Mary McGregor was born and raised on Islay. Her folk have farmed the same farm for three generations – it has always been her way of life. Now that the old ways are dying out, she would like to share the stories she has collected over the years. Mary's first book, 'Baba King of the Castle and Jacket Potato', contains two of these stories, and they are the first of many to come.
Michelle Sloan was born and brought up in Edinburgh but now lives with her husband, three children, two crazy dogs and grumpy cat in Broughty Ferry near Dundee. She trained as a primary school teacher and has also studied drama and arts journalism. 'The Fourth Bonniest Baby in Dundee', inspired by her son (who came fourth in the Broughty Ferry Bonnie Baby competition), was shortlisted in 2017 for the Bookbug Picture Book Prize and selected to be included in the Bookbug Family Pack the same year. Michelle has also written a historical adventure for young adults, 'Revenge of Tirpitz', set between modern-day Shetland and Norway in WW2.
Mike Nicholson is an Edinburgh-based children’s author who began loving adventure stories with Dr Who, Tintin and Asterix. He has written for all ages of primary school children. His most recent books are the popular 'Museum Mystery Squad' series for early readers (6–8 year olds). One of these (‘Hidden Hieroglyphics’) was shortlisted in the 2018 Teach Primary Book Awards. Mike’s two novels for 8–12 year olds are the Kelpies Prize winning ‘Catscape’ and ‘Grimm’ – mystery adventures with many twists, turns and cliffhangers.

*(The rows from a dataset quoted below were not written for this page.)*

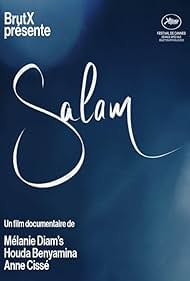 Salam Salam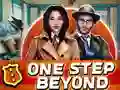 Juego One Step Beyond en línea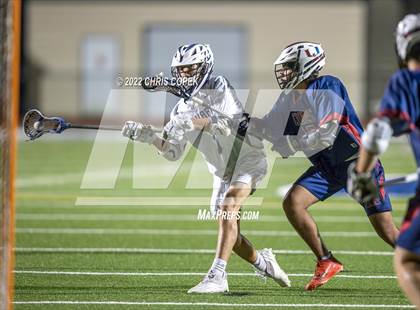 Thumbnail 3 in Palm Harbor University @ Calvary Christian photogallery.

Trevor Royle is a historian, broadcaster and widely-published author with over 40 books specialising in the history of war and empire. He was formerly associate editor of the Sunday Herald and is a fellow of the Royal Society of Edinburgh. Trevor's books include 'The Flowers of the Forest: Scotland and the First World War' and 'A Time of Tyrants: Scotland and the Second World War', and more recently he wrote a history of Culloden and its role in the subsequent creation of the British Empire.